▶ [MATERIALS PROVIDED]
★ ★ ★ ★

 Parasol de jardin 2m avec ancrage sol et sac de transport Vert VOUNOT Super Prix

★ ★ ★ ★

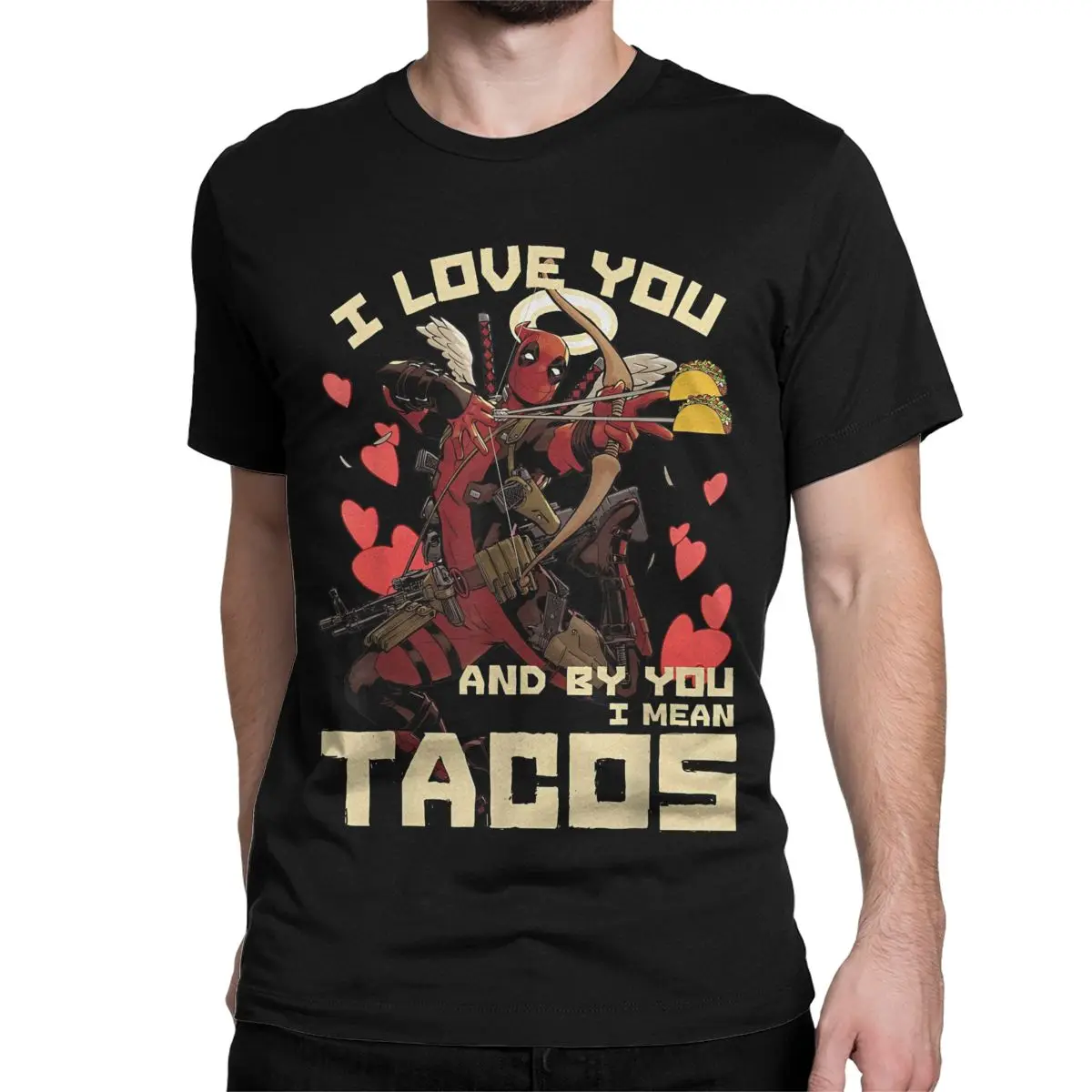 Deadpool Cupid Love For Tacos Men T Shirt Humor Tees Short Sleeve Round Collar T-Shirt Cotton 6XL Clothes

★ ★ ★ ★

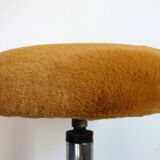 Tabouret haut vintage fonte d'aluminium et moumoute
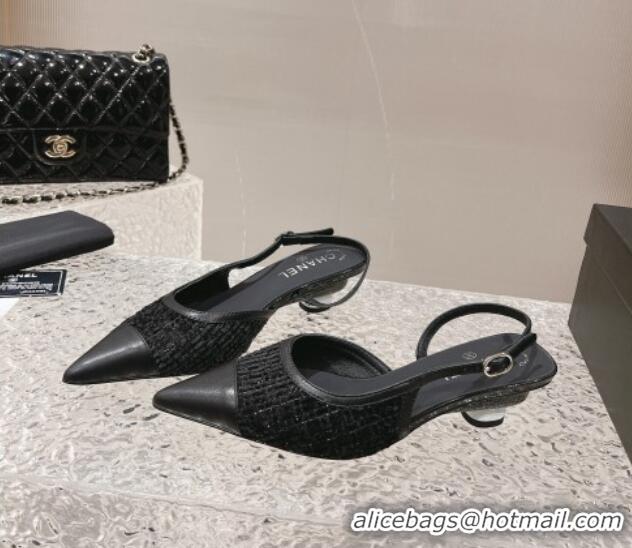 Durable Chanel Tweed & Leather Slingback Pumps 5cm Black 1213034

★ ★ ★ ★

▶ [ACTIVITY]
Please transcribe exactly the part of the records that opens with the line containing "Tabouret haut vintage" and closes with the line containing "Durable Chanel Tweed", both ends included, and leave out the pictures.

▶ [YOUR SOLUTION]
 Tabouret haut vintage fonte d'aluminium et moumoute
 Durable Chanel Tweed & Leather Slingback Pumps 5cm Black 1213034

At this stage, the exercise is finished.